(PROBLEM DETAILS):
Please repeat exactly, and only, the lines from the one containing "Schwamm und Seestern" through the end of the records below, with no pictures.

(RECORDS SHOWN):
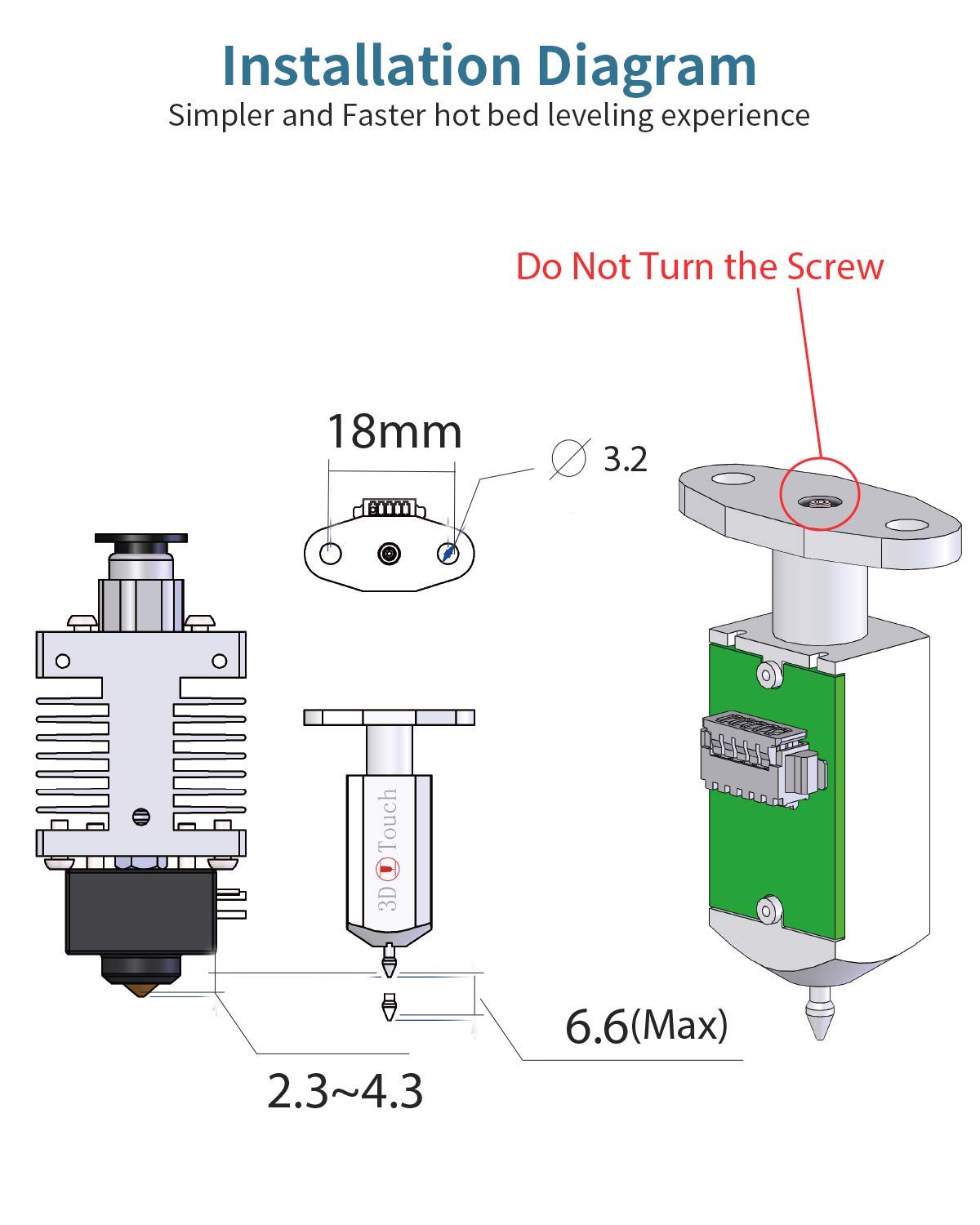 BL-Touch V3.2 Auto Leveling Sensor for Ender 3/5, CR-10 3D Printers - Precise Bed Leveling
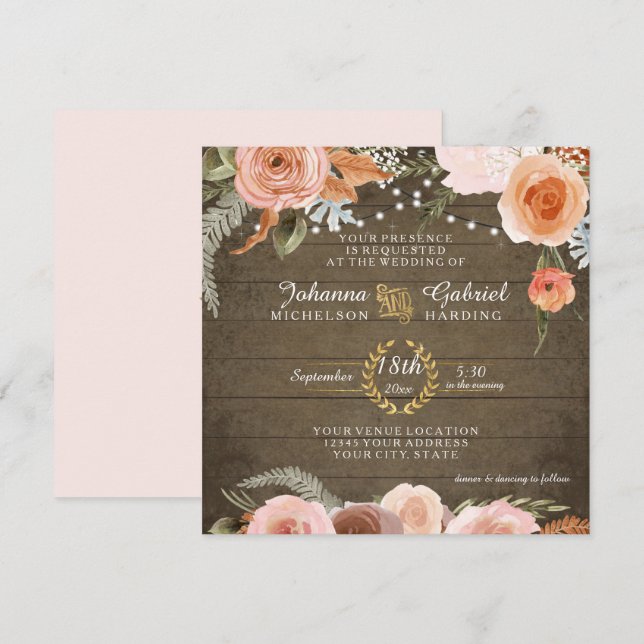Blush Floral Fall Rustic Wood Forest Green Leaf Invitation (Front/Back)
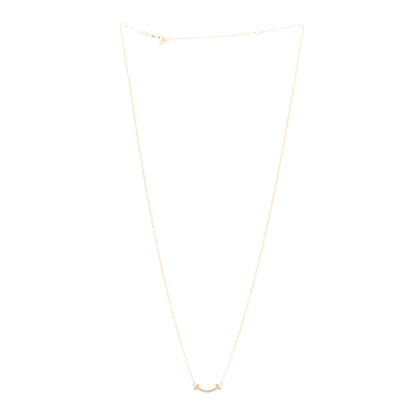 Tiffany 18K Rose Gold Mini T Smile Pendant Necklace 4 of 4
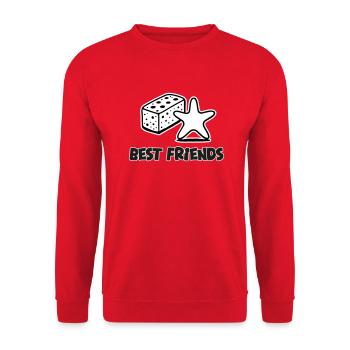 Schwamm und Seestern - Best Friends Design - Unisex Pullover - Rot - Vorne - Alina (178cm) & Michal (187cm)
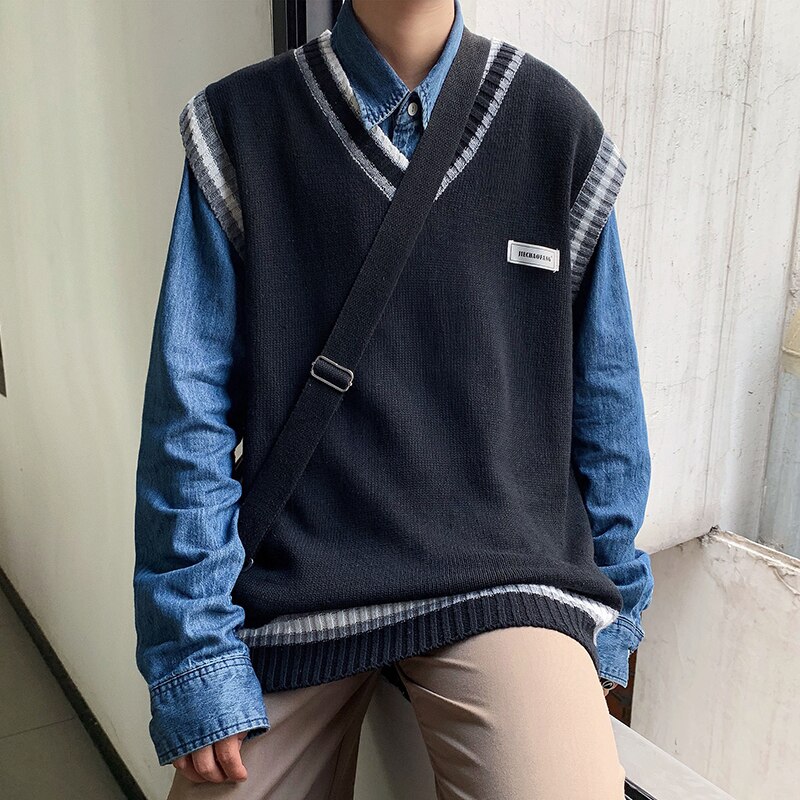 School Uniform Sweater For Women And Men College British Japanese JK V - neck Girls And Boys Vest Cotton Outerwear Knitting Coat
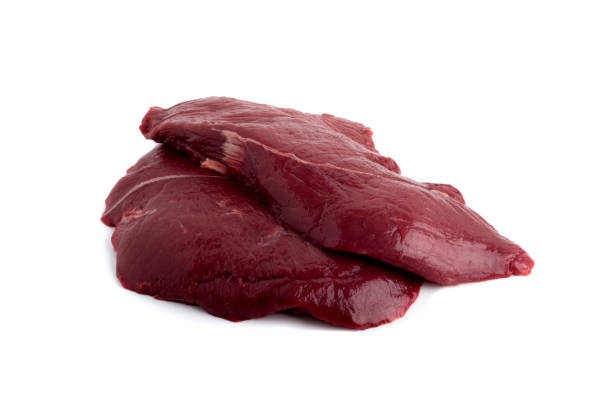 Fresh Deer Meat or Venison Isolated on White Background stock photo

(REPLY TO THE EXERCISE):
 Schwamm und Seestern - Best Friends Design - Unisex Pullover - Rot - Vorne - Alina (178cm) & Michal (187cm)
 School Uniform Sweater For Women And Men College British Japanese JK V - neck Girls And Boys Vest Cotton Outerwear Knitting Coat
 Fresh Deer Meat or Venison Isolated on White Background stock photo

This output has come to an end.